O menino é o pai do homem?

(o texto abaixo, na verdade uma leitura comentada, foi escrito em 2008, como parte do material de leitura para meus alunos do curso As margens derradeiras: textos do limite,  que abordava oito textos curtos e paradigmáticos do século XIX: O médico e o monstro, Bartleby, Memórias do Subsolo, A morte de Ivan Ilitch, O alienista, O mandarim, O coração das trevas & A volta do parafuso; em torno de cada um, analisei outros: William Wilson, O homem invisível, O duplo, O capote, A tumba dos ancestrais, O horla, O homem da areia, A vida privada, etc)

 

 

 

“Mas não é este o resto do livro.
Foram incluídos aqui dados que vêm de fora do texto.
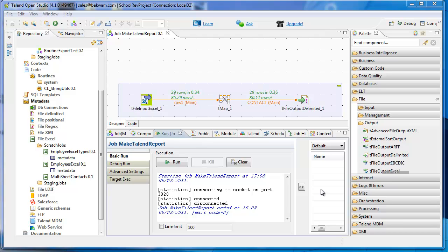No sooner do you create an application or build a data warehouse and people are looking to take data out of it.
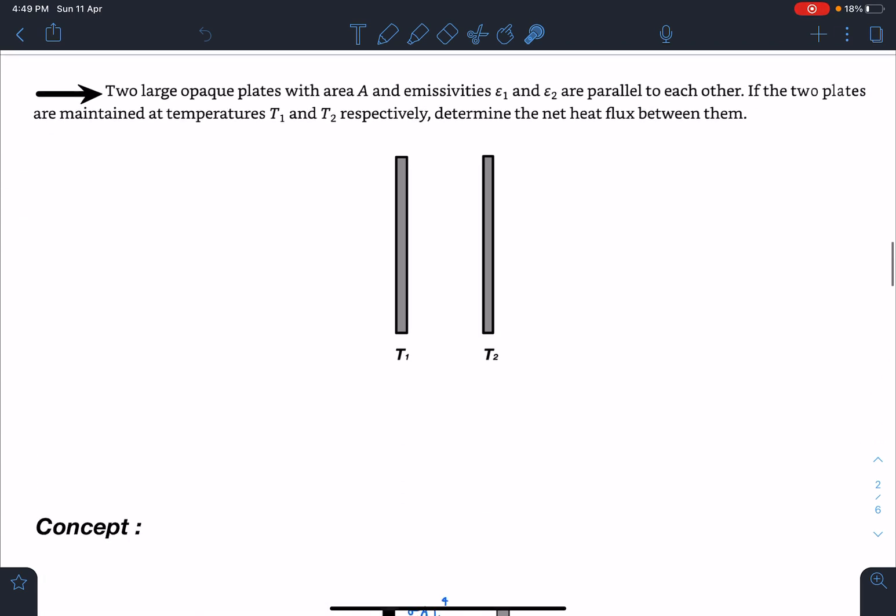Here is the problem statement: two large opaque plates of area A and emissivities e1 and e2 are parallel to each other. If the two plates are maintained at temperatures T1 and T2 respectively, we have to find the net heat flux between them. Heat flux is the rate of energy transfer.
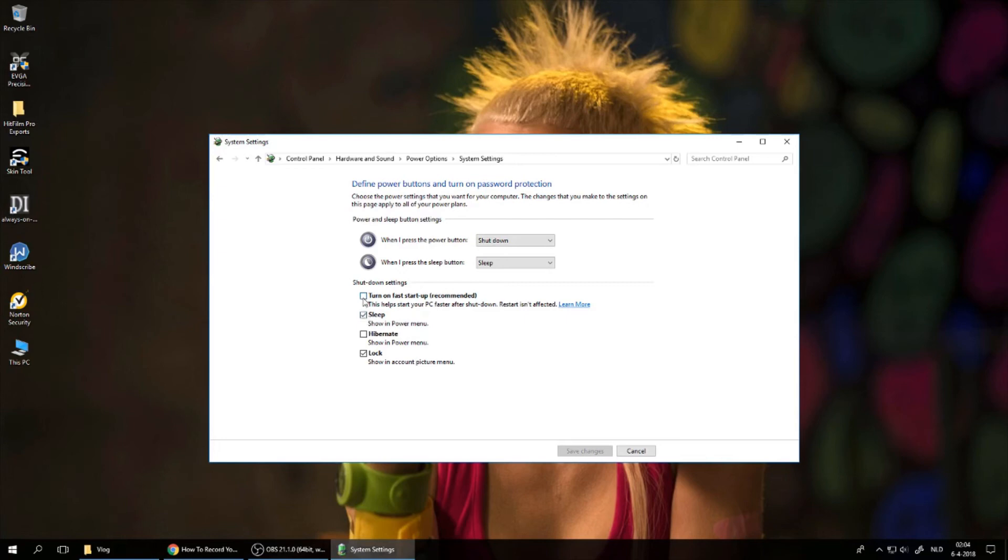As I said, I already did this. You have to turn off 'Turn on fast startup,' even though it's recommended. It will also turn off the hibernation option, and this is it.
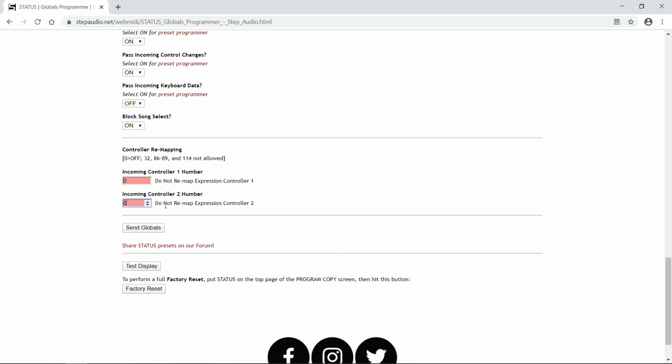The values will just get passed straight through Status into your pedals downstream. But if you want to take advantage of Status's controller remapping, set these values to match the controller number that's going into Status. You can see there's a few values that aren't allowed: 32, 86 through 89, and 114. Those are values that Status uses to control the MIDI clock.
O resto é saber se a Capitu da Praia da Glória já estava dentro da de Matacavalos ou se esta foi mudada naquela por efeito de algum caso incidente.”

(Machado de Assis, Dom Casmurro, 1899)

“O essencialmente novo em minha teoria é a afirmação de que a memória não se encontra numa versão única, mas em várias, ou seja, que se acha transcrita em diferentes classes de signos…”

(Freud, Correspondência com Wilhelm Fliess, carta 52, 1896)

Das histórias curtas de  Ivan Turguêniev, tão cultuado por James & Conrad, entre outros, eu até preferiria comentar Mumu (1854), uma obra-prima em que ele retrata acidamente a própria mãe (que lhe atormentou a existência; só depois da sua morte é que ele “destravou” como escritor), porém é uma história que sempre me entristece, pois a intolerância da senhora da casa obriga o criado a matar sua cachorrinha. Por isso, optei por outra história, O relógio (1850). Outro motivo tem a ver com a escolha de adolescentes (e indicando isso com muita ênfase, o que não era comum no século XIX, e James seria um dos que abriram caminho para uma percepção dessa faixa etária que não pagasse tributo ao convencional, Tom Sawyer que me perdoe). O interessante é que o relato é retrospectivo, mas pára justamente no “turning point” que marca a adolescência do narrador. O máximo que conhecemos da vida adulta são algumas indicações vagas e a sombra que os eventos narrados deixaram na sua existência. É como um Dom Casmurro ou um Grandes Esperanças dos quais só fosse contada a parte inicial da vida, mas que nos deixasse pressentir o “todo”.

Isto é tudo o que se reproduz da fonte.